(Task data Opens)

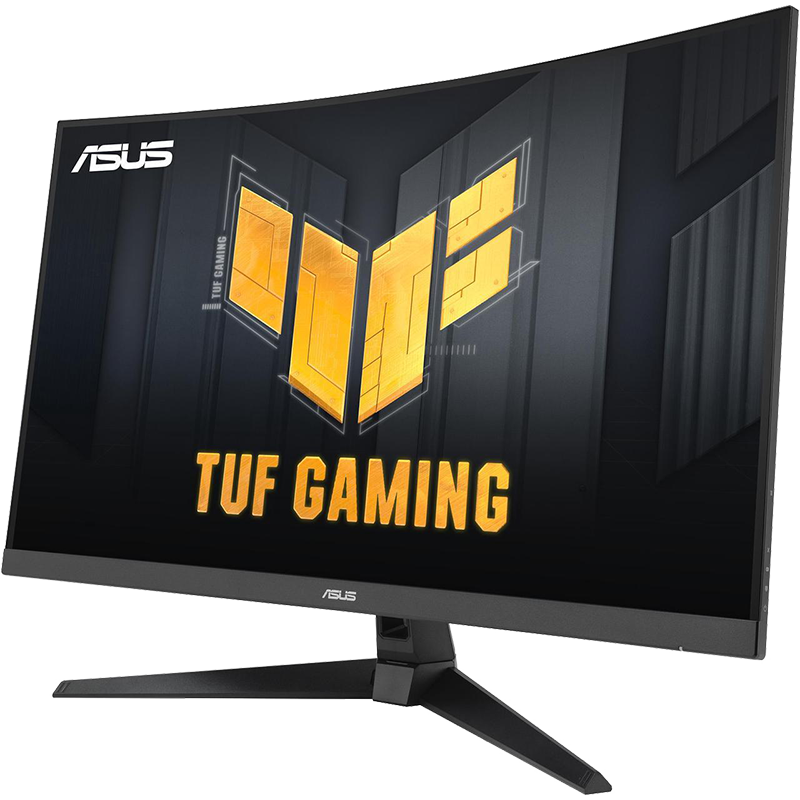 Asus TUF Gaming VG32WQ3B 31.5in QHD 1500R Curved Gaming Monitor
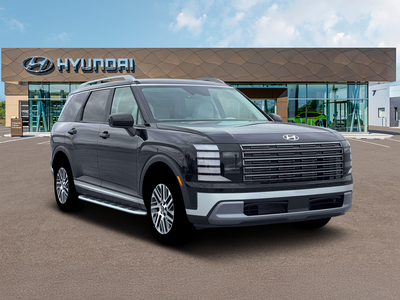 2026 Hyundai PALISADE SEL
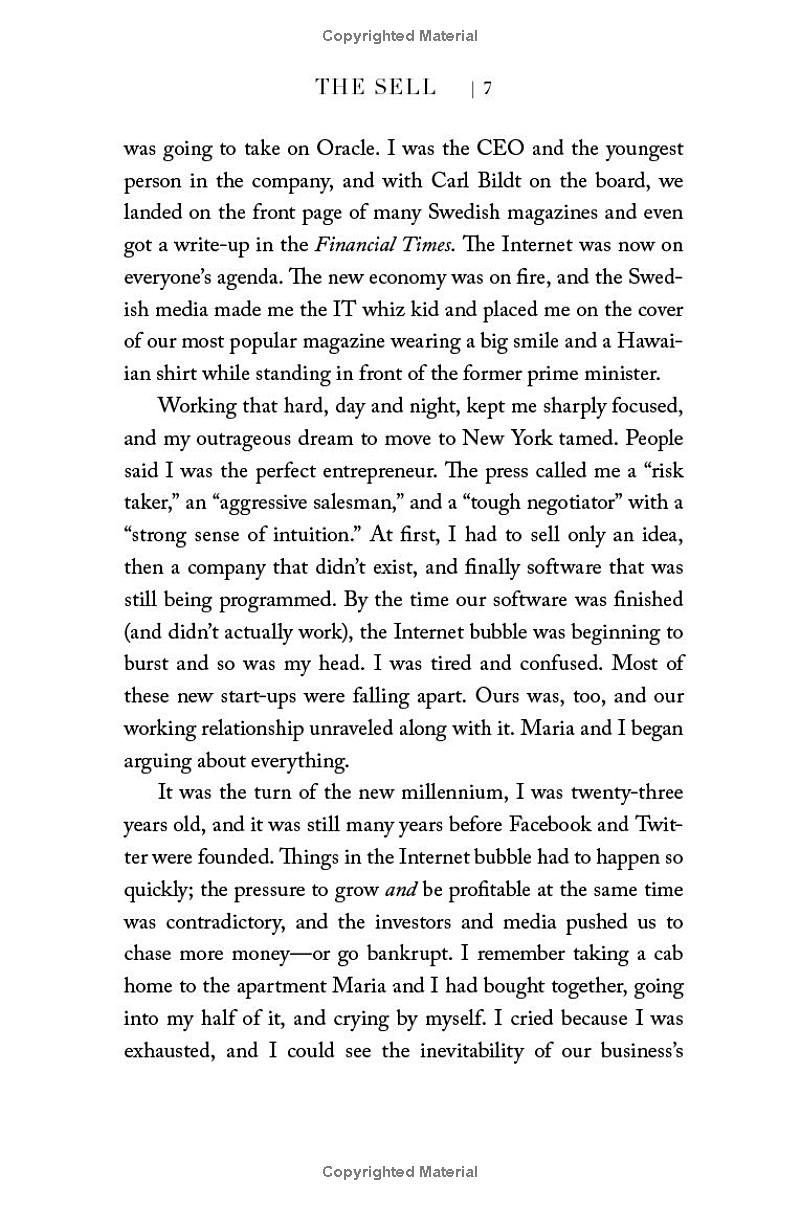 the sell: the secrets of selling anything to anyone - Ảnh 8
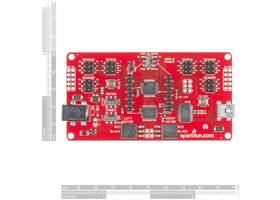 SparkFun RedBot Basic Kit (3)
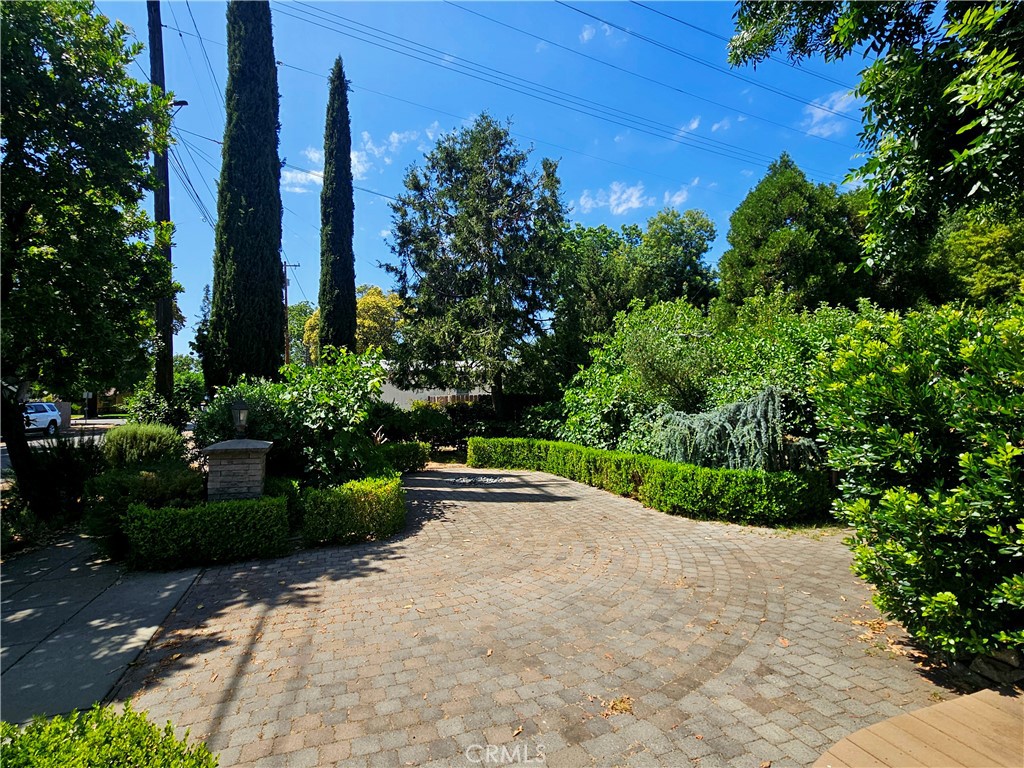 1631 Salem Street Chico, CA 95928 - Photo 70 of 71 Front driveway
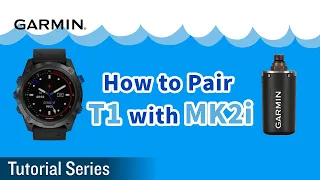 Tutorial - How to Pair T1 with MK2i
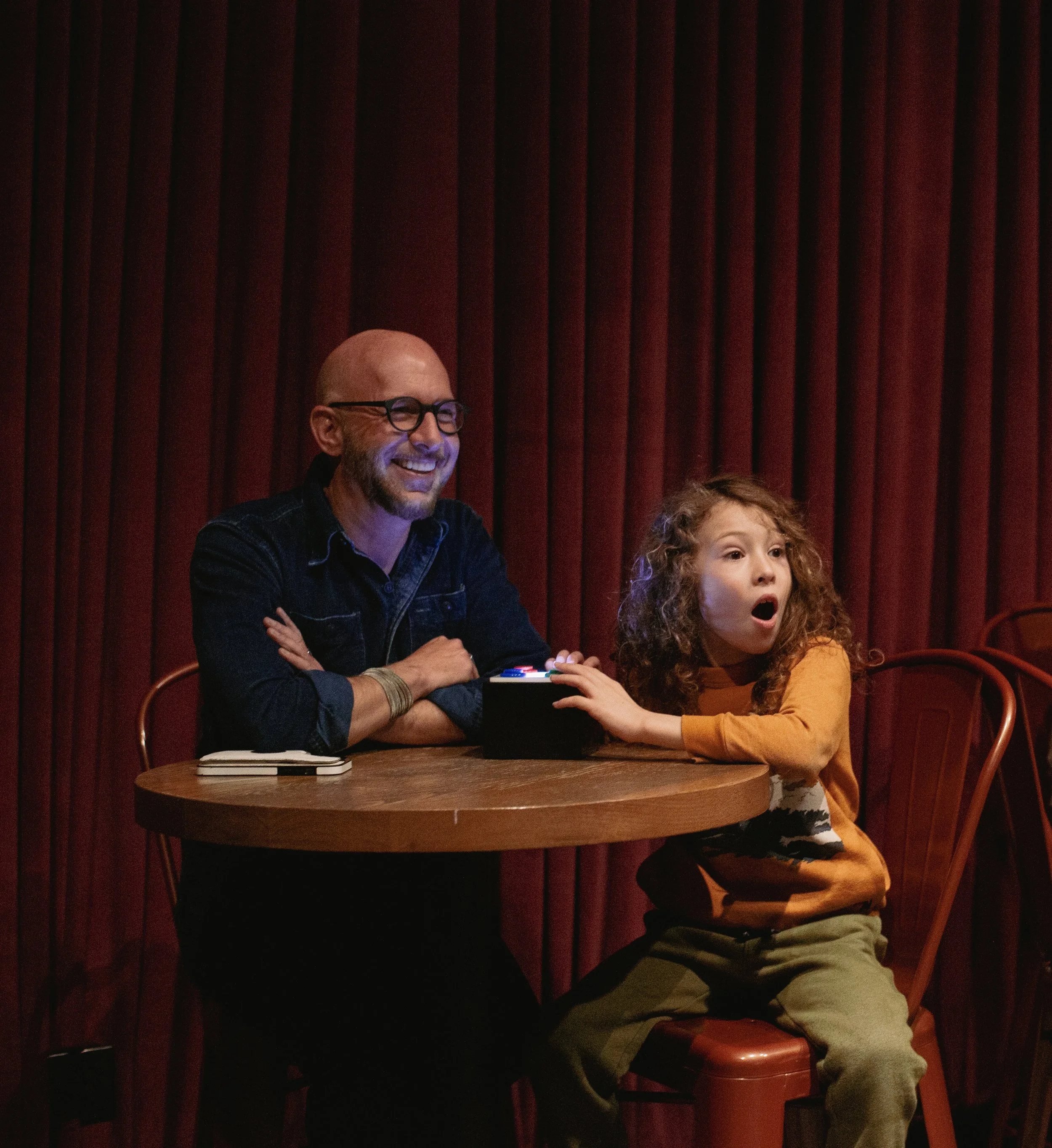 Strange Outfit: 100 League Live, DIY Artcade and More!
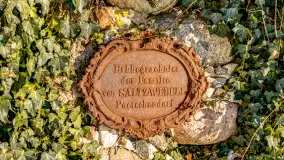 Zamek Krzyżacki, a teraz kościół w Bezławkach w zimowej scenerii, styczeń 2024 r. - zdjęcie 30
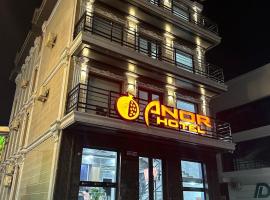 Anor Hotel Navoiy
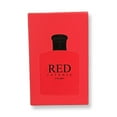 thumbnail image 4 of United Scents Red Intense Eau de Parfum para hombres 3.4 onzas líquidas | Notas altas: arándano, pomelo, limón italiano, 4 of 5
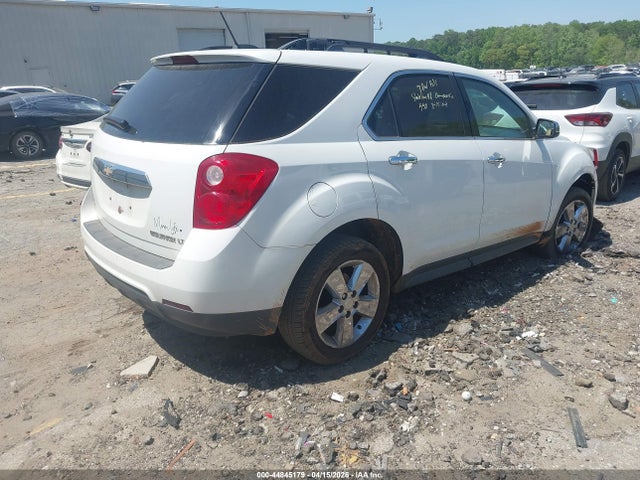 2015 Chevrolet Equinox 1lt მანქანა იყიდება აუქციონზე, vin: 2GNALBEK9F6352891, აუქციონის ნომერი: 44845179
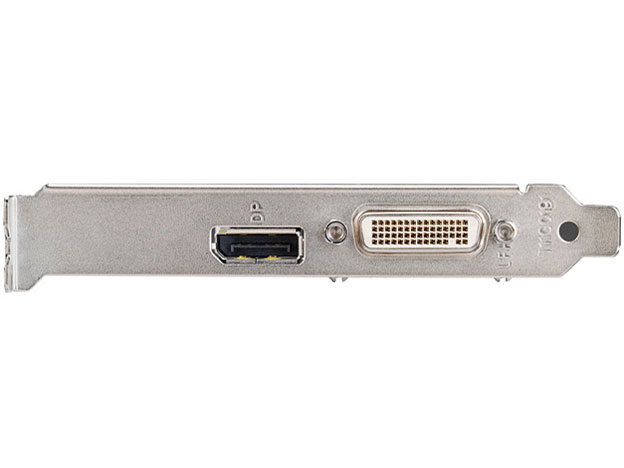 WinFast 210 PCI-Ex1 Low Profile [PCIExp 512MB �o���N]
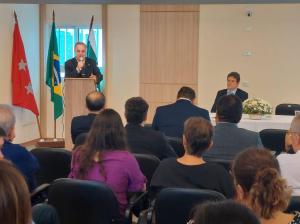 Empossados os novos representantes da Regional de Londrina do CRM-PR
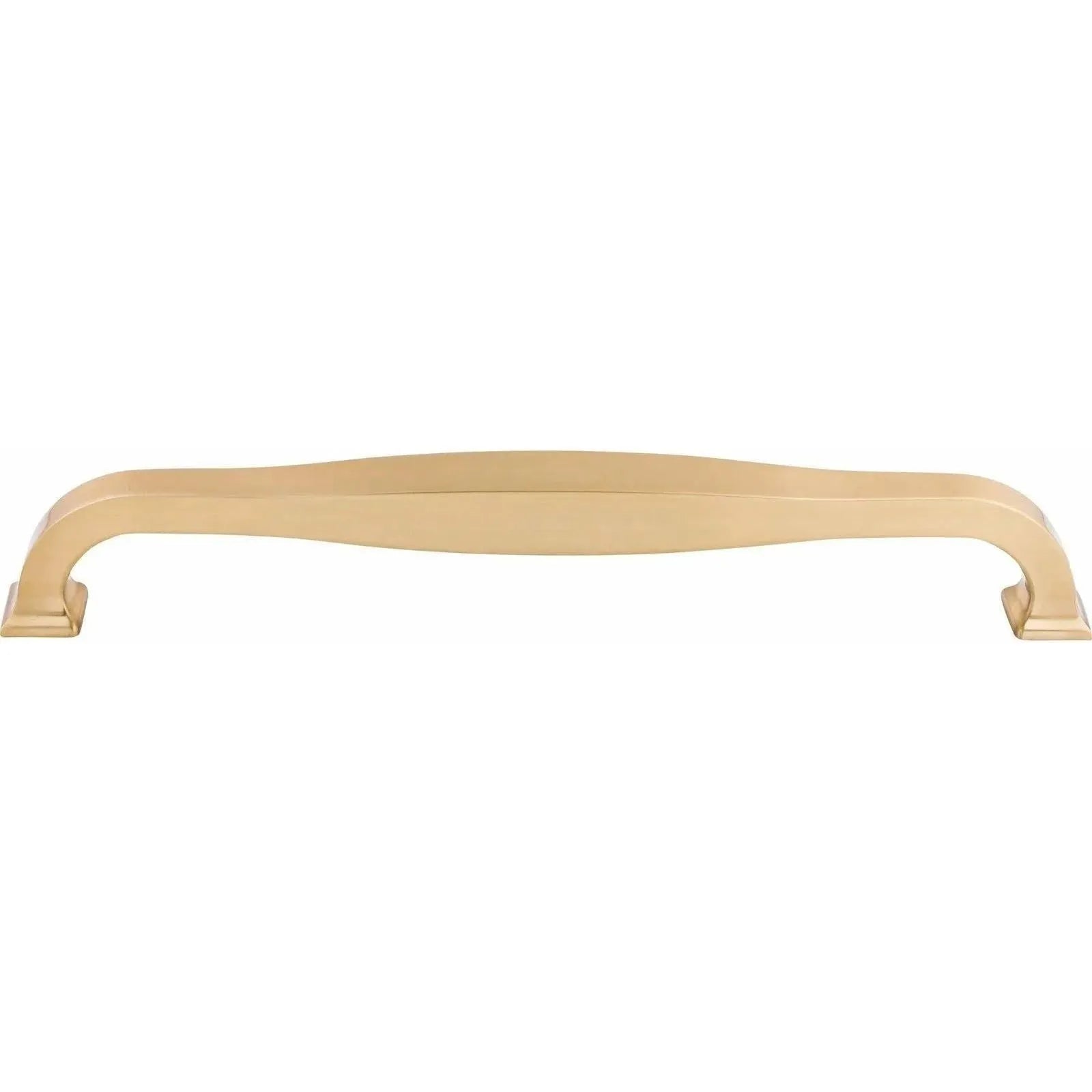 Top Knobs - Contour Appliance Pull - TK728HB | Montreal Lighting & Hardware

(Task data Closes)

Instructions for the task: What is wanted is an exact copy of the lines above from the one containing "SparkFun RedBot Basic Kit (3)" through the one containing "Anor Hotel Navoiy", with no pictures in it.

Result for this exercise:
 SparkFun RedBot Basic Kit (3)
 1631 Salem Street Chico, CA 95928 - Photo 70 of 71 Front driveway
 Tutorial - How to Pair T1 with MK2i
 Strange Outfit: 100 League Live, DIY Artcade and More!
 Zamek Krzyżacki, a teraz kościół w Bezławkach w zimowej scenerii, styczeń 2024 r. - zdjęcie 30
 Anor Hotel Navoiy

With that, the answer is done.